#### [Task directions]
Keep the text of the data exactly as it is and omit each picture from the copy.

#### [Data segment]
——

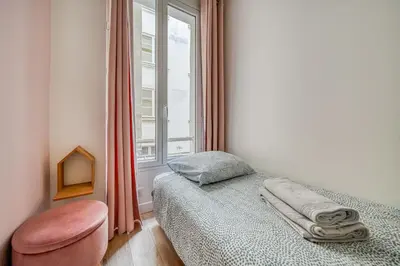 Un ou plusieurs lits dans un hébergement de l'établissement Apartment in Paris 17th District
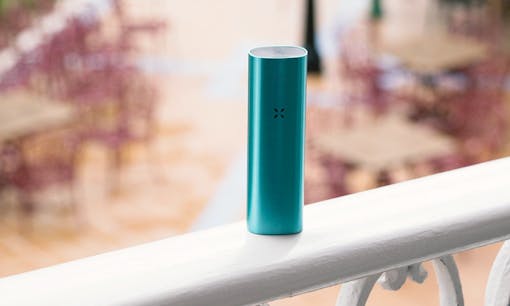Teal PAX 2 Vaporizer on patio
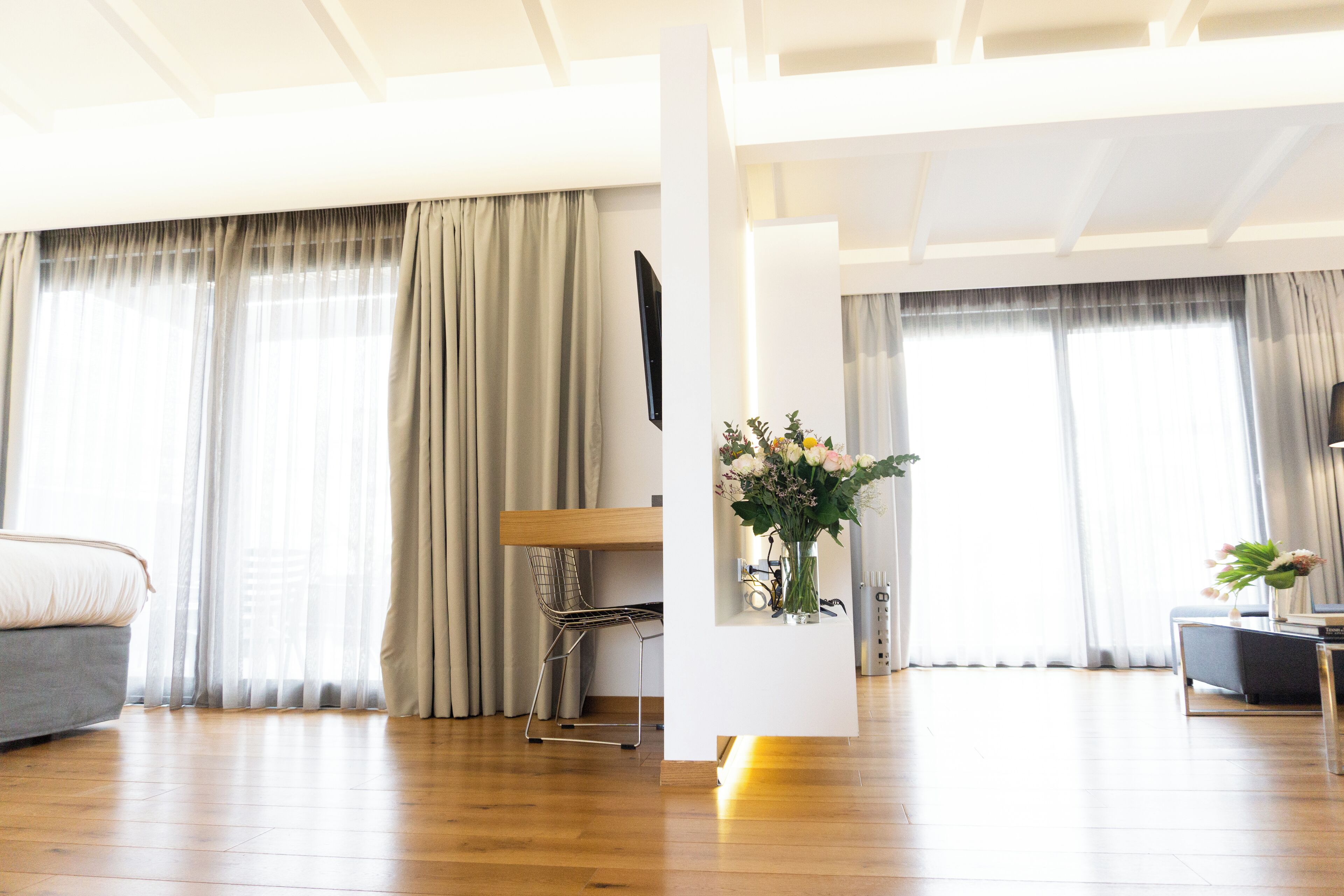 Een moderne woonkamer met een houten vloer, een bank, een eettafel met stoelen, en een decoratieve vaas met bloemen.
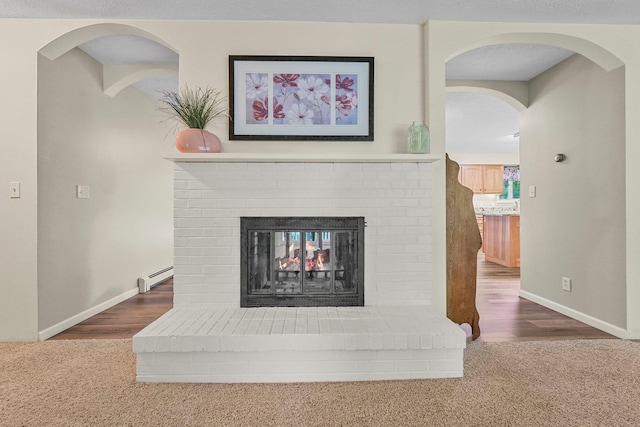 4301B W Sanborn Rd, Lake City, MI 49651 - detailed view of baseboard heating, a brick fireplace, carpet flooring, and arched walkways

——

#### [Response below]
 Un ou plusieurs lits dans un hébergement de l'établissement Apartment in Paris 17th District
Teal PAX 2 Vaporizer on patio
 Een moderne woonkamer met een houten vloer, een bank, een eettafel met stoelen, en een decoratieve vaas met bloemen.
 4301B W Sanborn Rd, Lake City, MI 49651 - detailed view of baseboard heating, a brick fireplace, carpet flooring, and arched walkways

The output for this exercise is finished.